Weatherwatch: Sudden stratospheric warming has reset usual winter pattern

http://www.guardian.co.uk/news/2013/jan/27/weatherwatch-stratosphere-warm-winter

Version 0 of 1.

It is shocking to be plunged into freezing winter weather but it can all be blamed on the stratosphere, some 30km high. Around New Year something strange happened in the stratosphere over the Arctic where the usually frigid air suddenly warmed up by around 50C. That warming sent the usual freezing stratospheric air streaming down over Europe which then gradually trickled down into our weather pattern in the lower atmosphere, with biting easterly winds sweeping across from northern Europe.

One spectacle to watch out for in these episodes is a glow in the evening sky just after sunset. We saw this in December 2010 when the stratosphere turned so cold over Britain it created fabulous tangerine, pink and yellow afterglows blazing in the twilight sky. These colours came from unusual clouds in the stratosphere that form when temperatures drop to about –80C. That cold stratosphere also led to a great freeze and big snowfalls, when the country was reduced to chaos with Heathrow Airport and Eurostar services shut down.

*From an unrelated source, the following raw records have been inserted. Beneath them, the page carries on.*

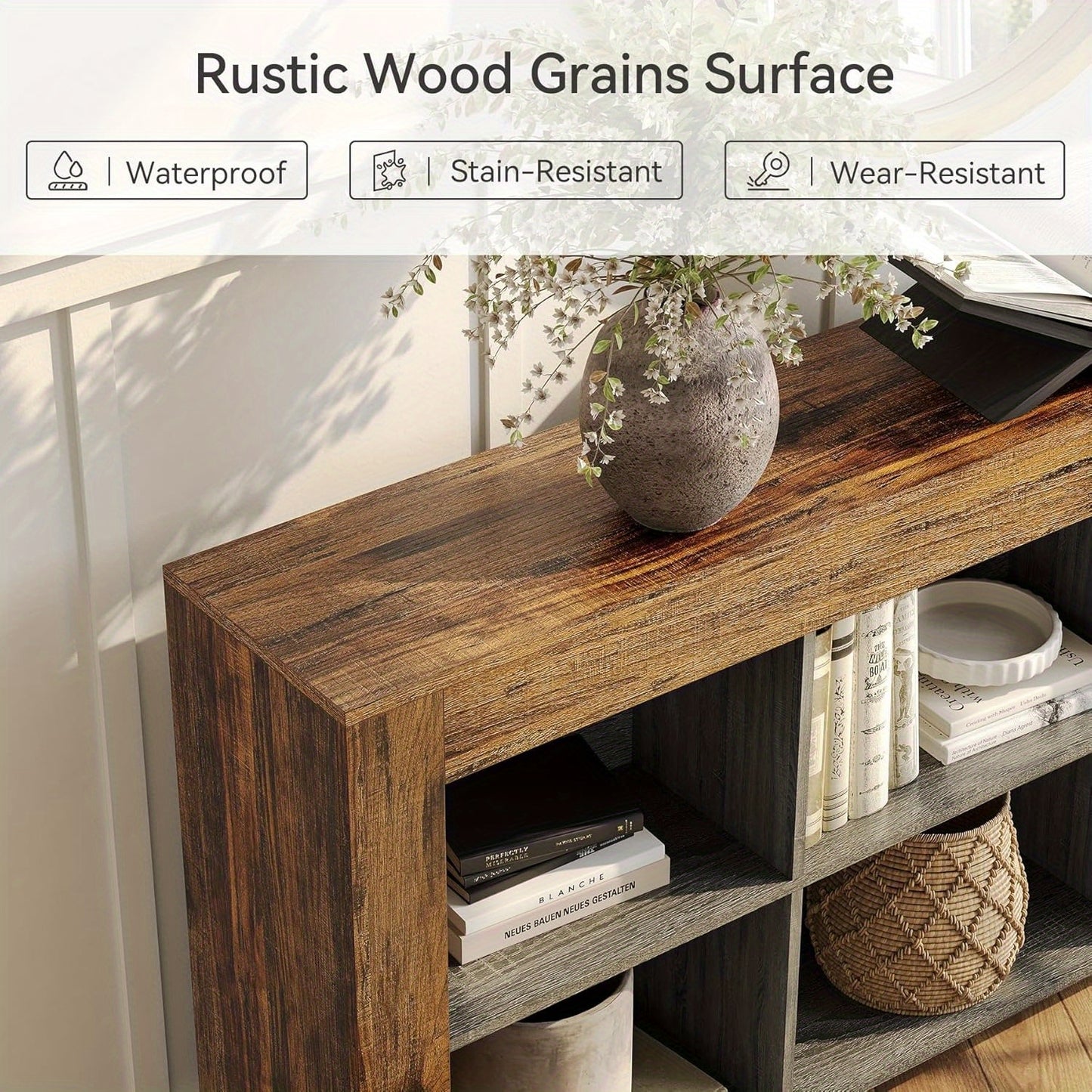 Sidetable – Consoletafel – Wandtafel – Haltafel – Bijzettafel – Landelijke Stijl – 160 cm Smal – Handgemaakt Hout Met 6 Opbergruimtes – Duurzaam & Eenvoudig Te Monteren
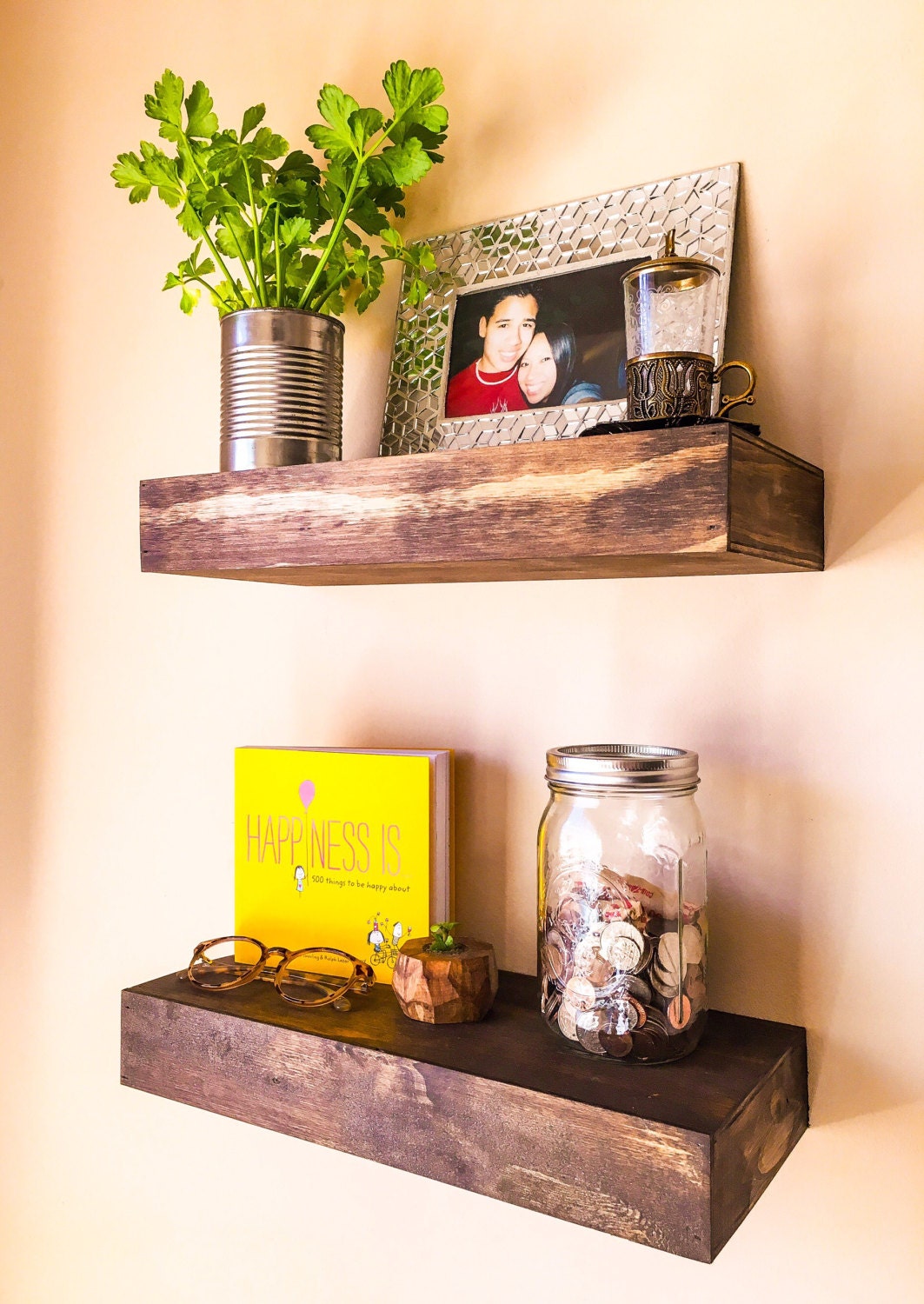 Set of Two 2 Customized Floating Wall Shelves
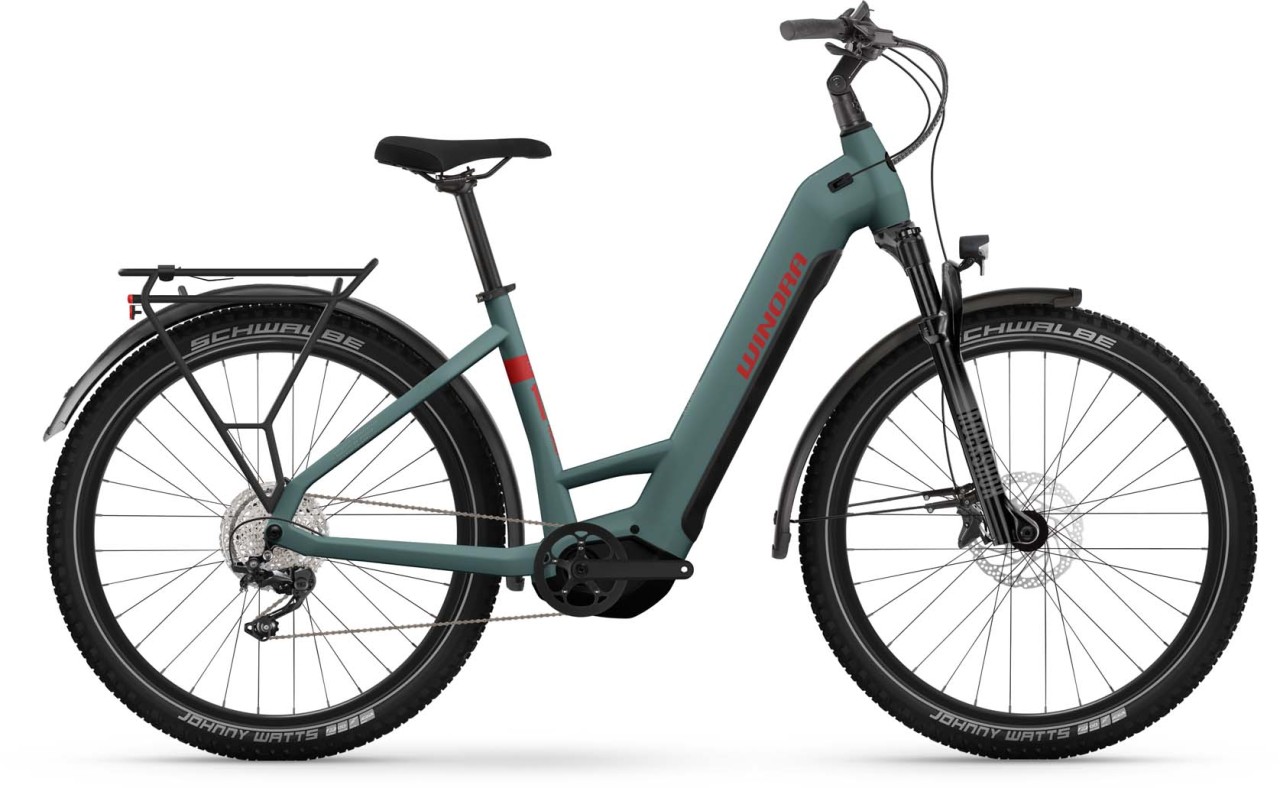 Winora Yucatan X12 metallic stone blue matte 2023 - Bicicleta-Eléctrica Trekking Acceso Fácil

This current sudden stratospheric warming is a major event and left the lower stratosphere badly disturbed as a swathe of cold weather settled across Europe for several weeks. For the UK at least, this cold weather is now over, thanks to a depression of noteworthy proportions which developed in the Atlantic this past weekend. This has reset the usual winter stratospheric pattern which is far more likely to bring mild and very wet weather for the next fortnight.